Star Tribune: Looking for books that reflect diverse students, Minnesota teachers publish their own

Teachers and librarians say they want students to see themselves in books.

Educators at several St. Paul schools with large Hmong populations struggled to find materials in their own language and with portrayals of Hmong culture and history.

So May Lee Xiong and Bounthavy Kiatoukaysy of Phalen Lake Hmong Studies Magnet School began writing their own and having them published by St. Paul Public Schools. “Zab and Txiv Huab Tais” is about a trickster and a king. “Noj Mov Tshaav Puam” depicts what people eat at a Hmong market — purple sticky rice, deep fried chicken, papaya salad; it is a version of a traditional American book with pizza and ice cream.

“There is a huge need within that area of instruction,” said Xiong, a dual immersion coach. “Within the Hmong community there is not a ton of materials, especially for little kids.” ...

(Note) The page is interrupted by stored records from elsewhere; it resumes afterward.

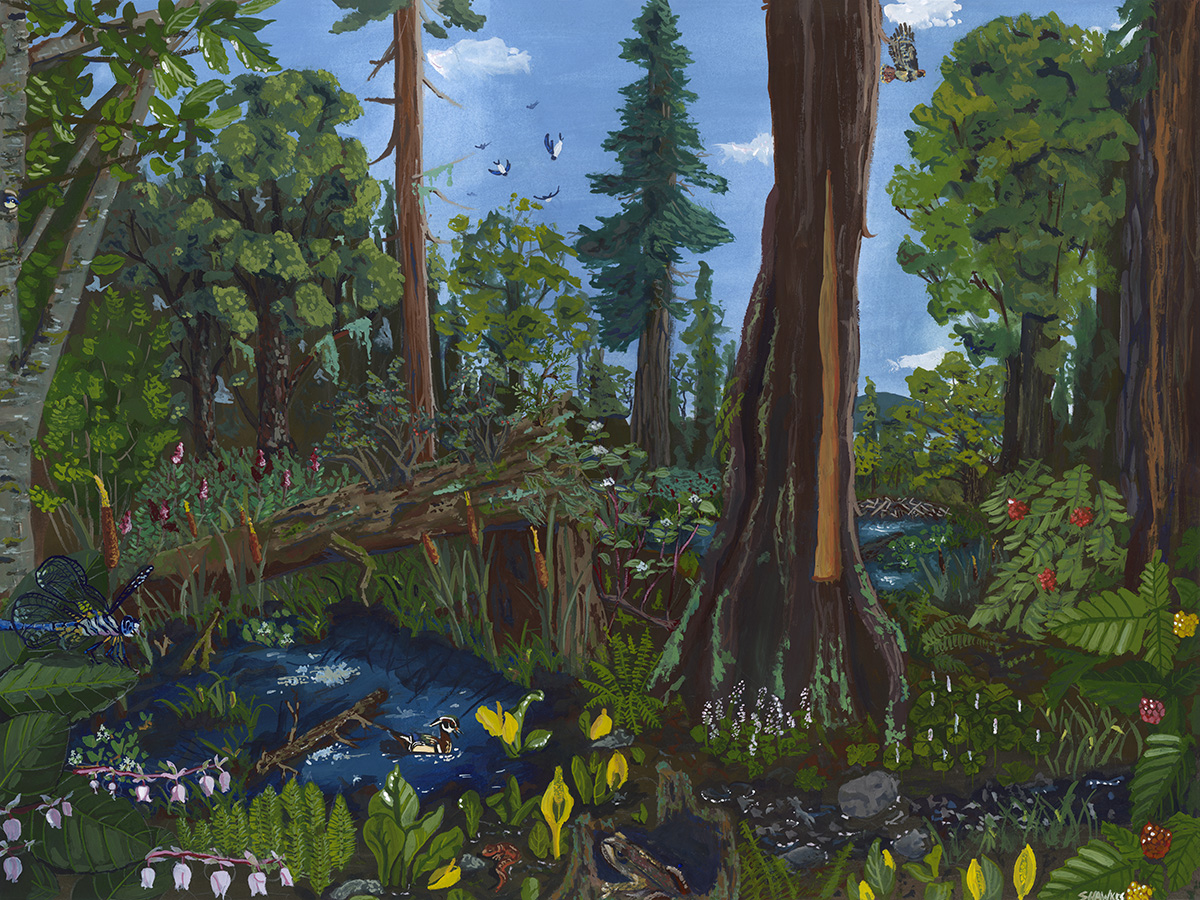 Painting of the Chrystal Creek watershed in 100 years, by Sylvie Hawkes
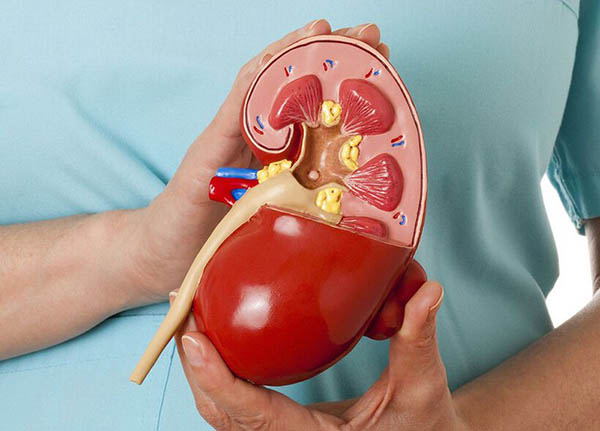 Bệnh thận nhiễm mỡ có thể xảy ra ở mọi lứa tuổi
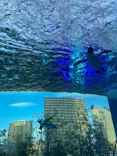 サンシャイン水族館に投稿された画像（2024/2/4）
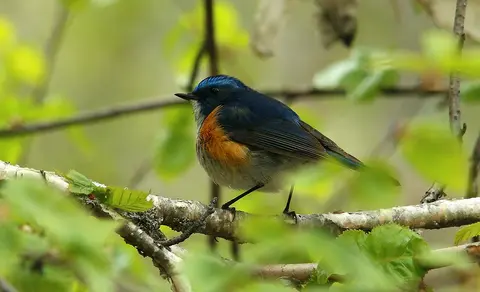 Red-flanked Bluetail (Tarsiger cyanurus) — photo 3 of 10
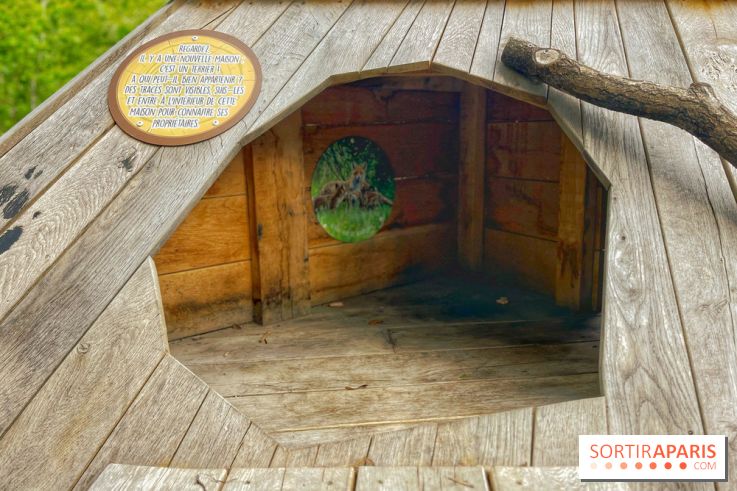 Mission Forêt - IMG 2156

The St. Paul Public Library took the unusual step several years ago of publishing books that catered to the growing number of Karen refugees, a persecuted ethnic minority from Myanmar, formerly Burma, that came to storytime programs. Karen authors in St. Paul, Win World and Saw Powder, wrote “The Elephant Huggy” and “The Hen and the Badger” in Karen and English. The library followed with “Teach Me to Love,” a children’s book about adult and baby animals by Denise Brennan-Nelson written in the Ethiopian languages of Oromo and Amharic.